### [Work to be completed]
From the first line to the last, copy the material exactly and leave the pictures out.

### [Data block]
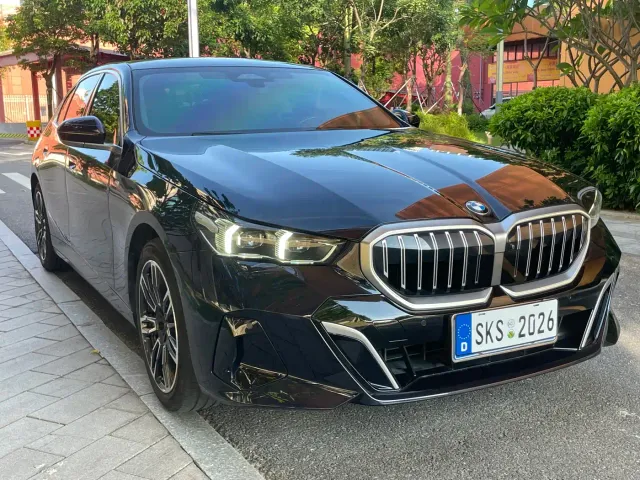 BMW 5 Series — Фото автомобиля 3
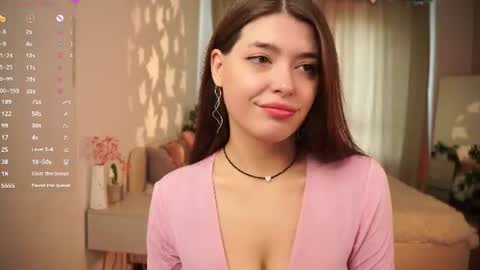 Lola online show from 13, 7, 2026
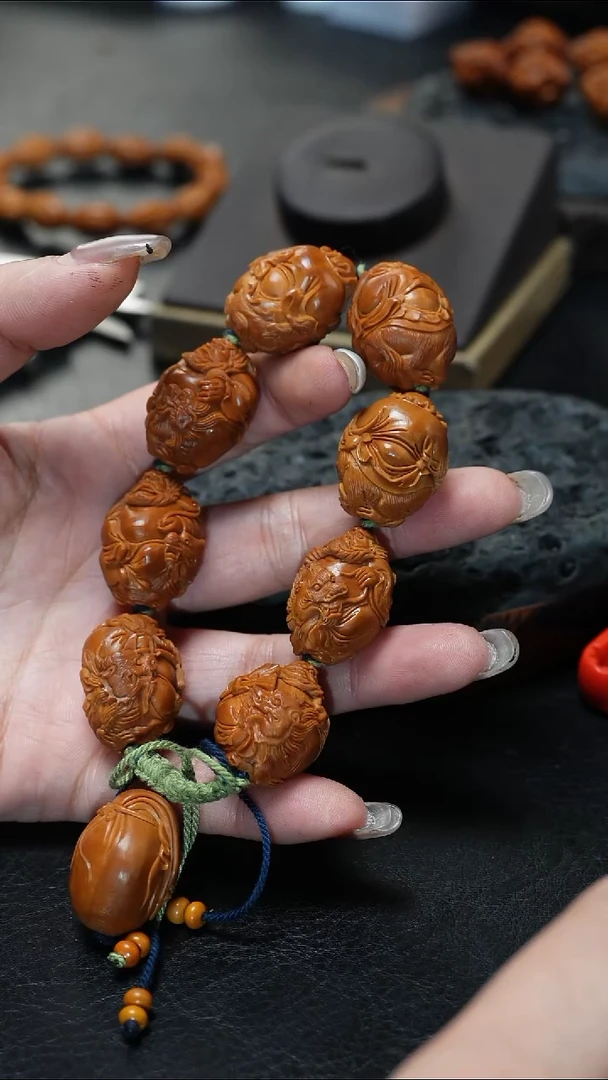 手串/手链橄榄核达**隆鱼子精品核文化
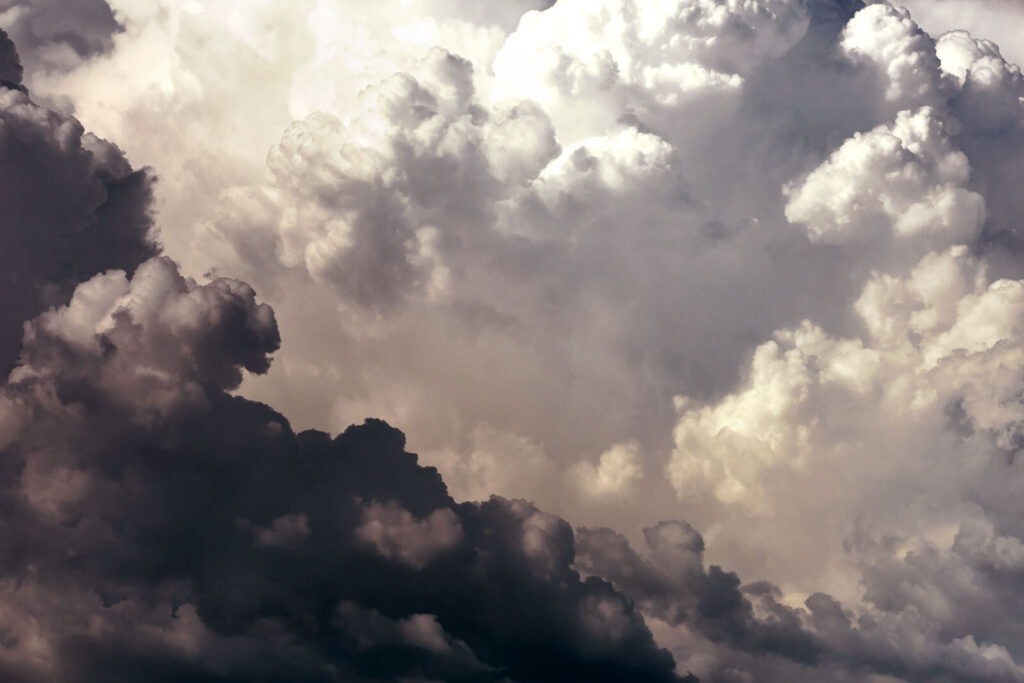 Donkere wolken rond zonlicht — volledig ontwerp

### [Reply to the task]
 BMW 5 Series — Фото автомобиля 3
 Lola online show from 13, 7, 2026
 手串/手链橄榄核达**隆鱼子精品核文化
 Donkere wolken rond zonlicht — volledig ontwerp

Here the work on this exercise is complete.